Building an encryption scheme from a pair encoding scheme seems to require at least that the pair encoding not be trivially broken, but there is no general result that shows some type of security for a scheme that only provides such a minimal guarantee. In Sect. 4, we give the first result of this kind: Any pair encoding scheme that is not trivially broken satisfies our symbolic property.
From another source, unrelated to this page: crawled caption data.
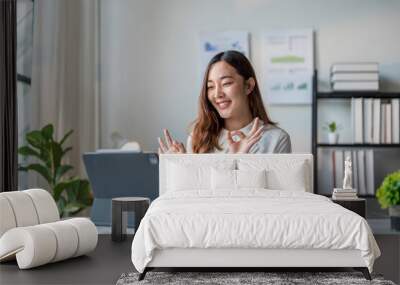 Young businesswoman making ok sign gesture during video call with tablet in office Wall mural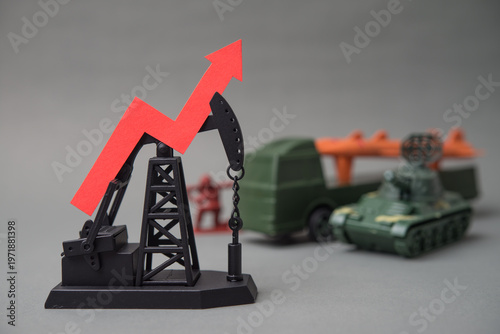 Crude oil pumpjack, raising red graph with soldier fights, weapon war background. The oil price hiking impact of the war, energy crisis, supply shortage, recession and inflation global economy concept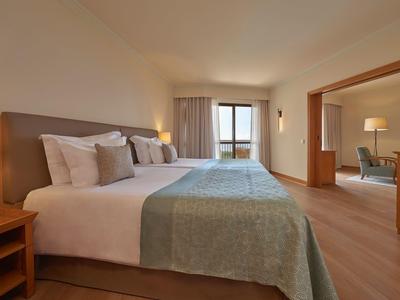 Habitación de hotel luminosa con camas grandes y vista al mar a través de la ventana.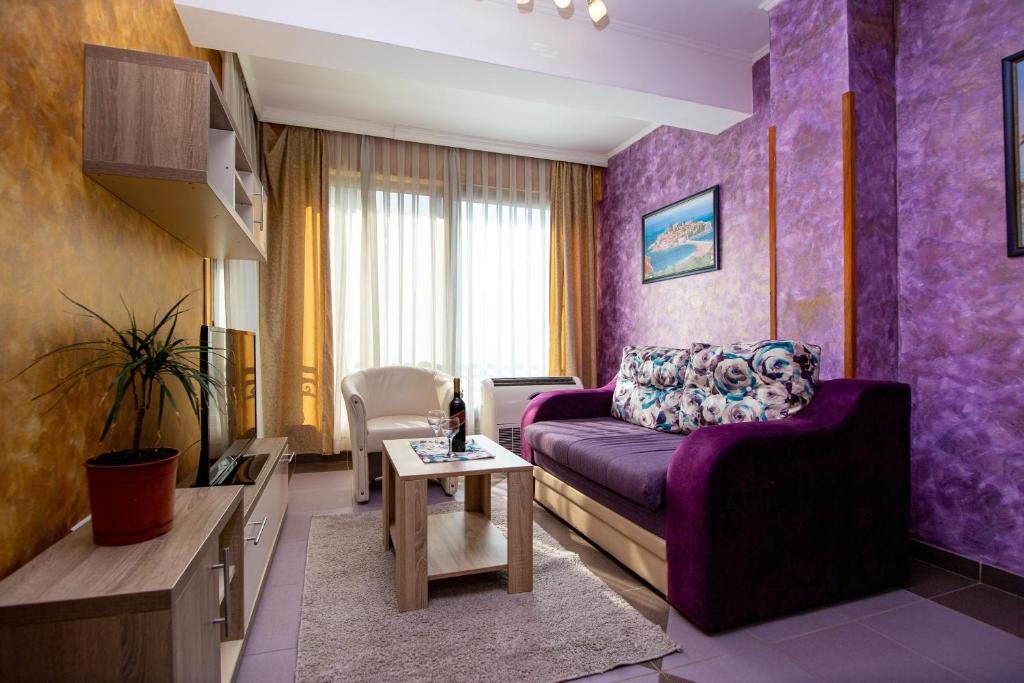 a purple living room with a purple couch and a table at SunSea Apartments in Budva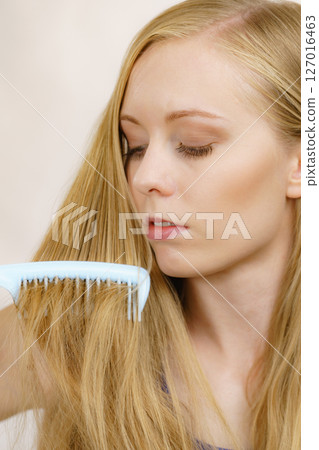Woman combing long healthy blonde hair Woman combing long healthy blonde hair 127016463
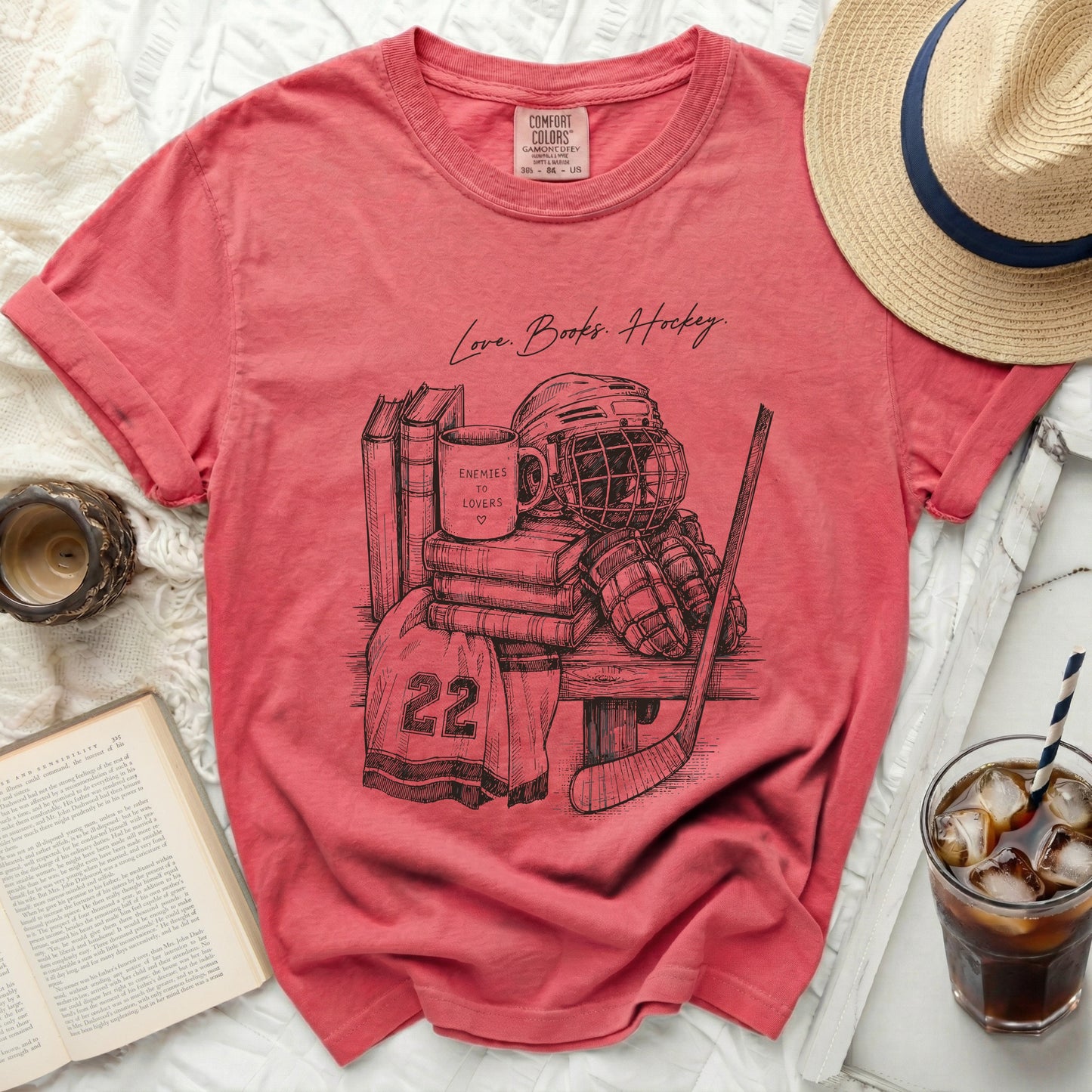 T-shirt with sketch of hockey gear, books, and "Love Books. Hockey." text.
This result has several interesting broad implications. Suppose we have an encoding \(\varPi \) that we do not know to be secure. We apply \(\mathsf {Gen}\text {-}\mathsf {Trans}\) on it to get an encryption scheme \(\mathsf {ES}\). For this scheme to not be completely broken, there should not be a way to trivially combine some ciphertext and key to recover the message when the predicate is false. Now an interesting fact about our generic transformation \(\mathsf {Gen}\text {-}\mathsf {Trans}\) is that it preserves the structure of pair encodings, so that if there is way to combine the polynomials to recover the blinding factor, then the ciphertext and key coming out of \(\mathsf {Gen}\text {-}\mathsf {Trans}\) can be combined to recover the message. Therefore, if \(\mathsf {ES}\) is not completely broken, \(\varPi \) is not broken either. This further implies that \(\varPi \) satisfies \(\mathsf {Sym}\text {-}\mathsf {Prop}\) and \(\mathsf {ES}\) is fully secure under \(\mathsf {q}\text {-}\mathsf {ratio}\). Thus we arrive at a very interesting conclusion: Either \(\mathsf {ES}\) is broken in an obvious way or it is fully secure under \(\mathsf {q}\text {-}\mathsf {ratio}\). Hence, \(\mathsf {Sym}\text {-}\mathsf {Prop}\) seems to be inherently linked to the fundamental security of encryption schemes, and is not just an artifact of our proof strategy.
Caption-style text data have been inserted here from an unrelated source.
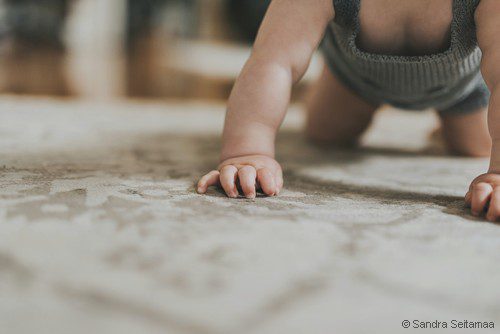 bébé fait du 4 pattes au sol sur un tapis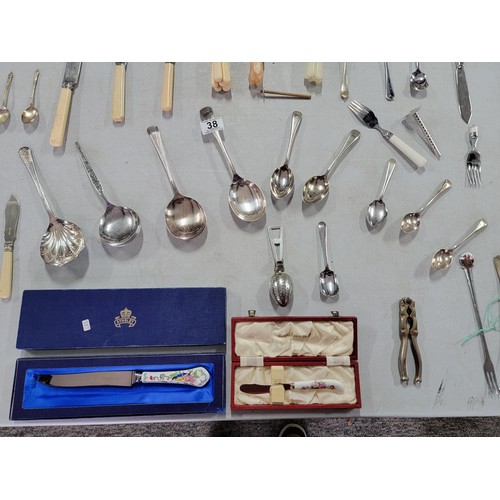 38 - Large quantity of cutlery inc pickle fork, serving spoons, apostle spoons, nut cracker, tea strainer... 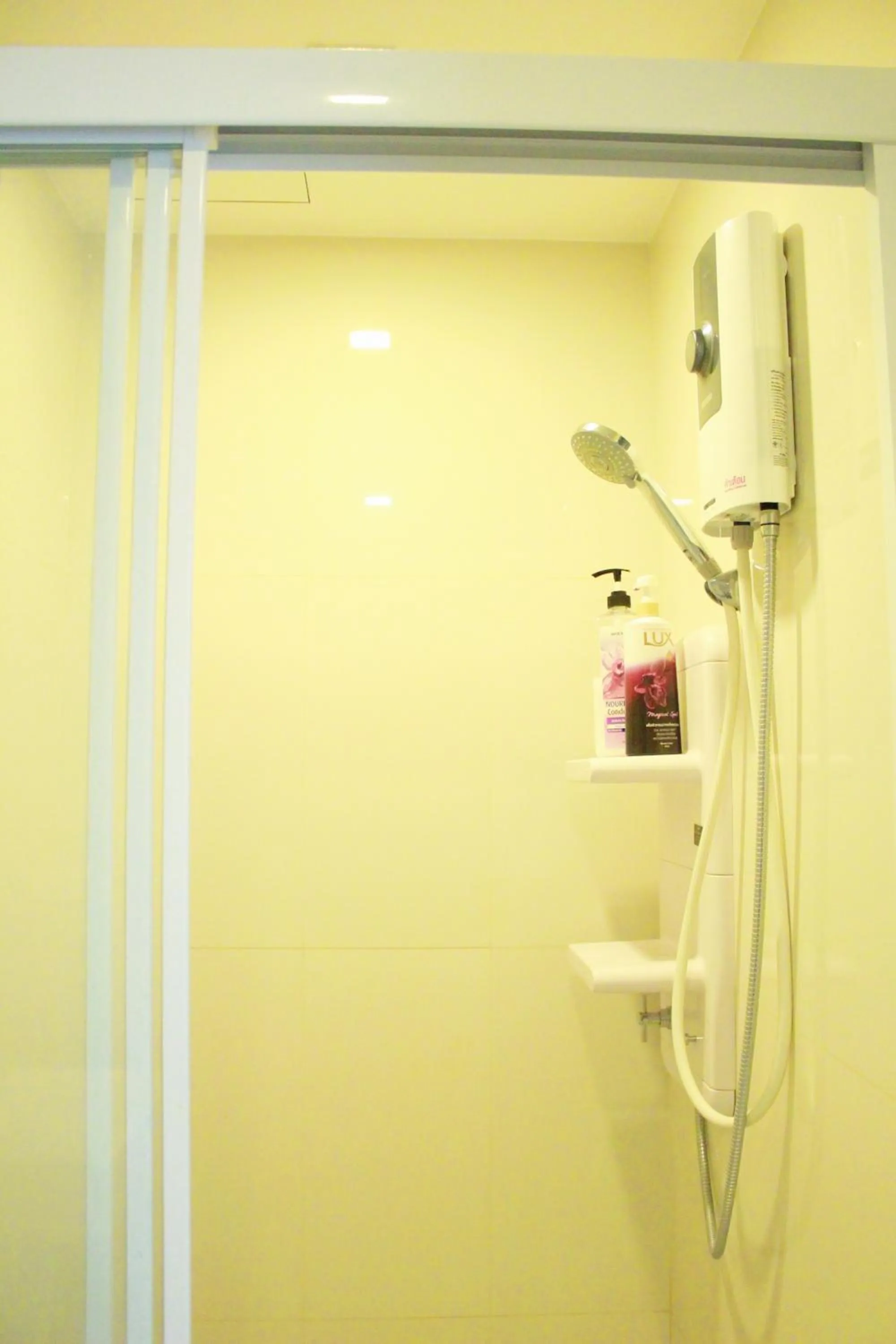 Bathroom in LLX Apartments at The Base condo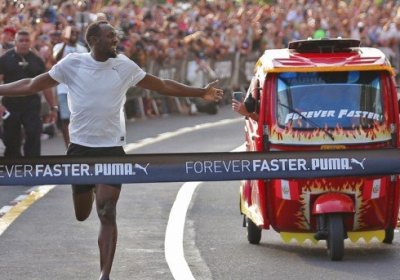 Useyn Bolt mototaksi bilan bahslashdi фото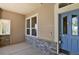 Charming front porch showcasing stone accents, beige siding, and a bright blue front door at 1975 Wild Star Way, Castle Rock, CO 80104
We can take this line of argument even further. Suppose there is a generic transformation that preserves the structure of pair encodings in the sense described above. And suppose that when an encoding scheme satisfying a certain property X is given as input, it generates an encryption scheme that is not obviously broken, for example a selectively secure scheme. Then every encoding that satisfies X will also satisfy our symbolic property, and hence will lead to a fully secure encryption scheme through \(\mathsf {Gen}\text {-}\mathsf {Trans}\)! In this paper, we do not formalize the exact requirements a generic transformation should satisfy for such a general result to hold, leaving it as an interesting exercise for future work.

We conclude with an alternate way of proving symbolic security in case finding a mapping from an encoding’s variables to matrices/vectors seems difficult: show that for all x and y for which the predicate is false, the blinding factor cannot be recovered from the encoding’s polynomials.
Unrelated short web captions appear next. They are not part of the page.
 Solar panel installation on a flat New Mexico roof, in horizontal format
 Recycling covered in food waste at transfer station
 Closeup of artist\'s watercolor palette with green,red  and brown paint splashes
New Generic Conversions. Thanks to the simplicity of our new symbolic property, we are able to show several useful transformations of pair encodings that preserve security. Specifically,

  1. 1.

    Dual conversion. Any secure pair encoding for a predicate can be transformed into a secure encoding scheme for the dual predicate (where the role of key and ciphertext are switched).

  2. 2.

    Compact ciphertexts. Any secure pair encoding can be converted into one that has a constant number of variables and polynomials in the ciphertext encoding. Thus, after applying \(\mathsf {Gen}\text {-}\mathsf {Trans}\) to the latter encoding, one gets encryption schemes with constant-size ciphertexts.

  3. 3.

    Compact keys. Analogous to above, any secure pair encoding can be converted into one that has a constant number of variables and polynomials in the key encoding, leading to encryption schemes with constant-size keys.Footnote 5

This demonstrates the power and versatility of the new symbolic property. In contrast, only the first type of transformation is known for the security properties of Attrapadung [2, 8], and none is known for Wee [40] or Chen et al. [15].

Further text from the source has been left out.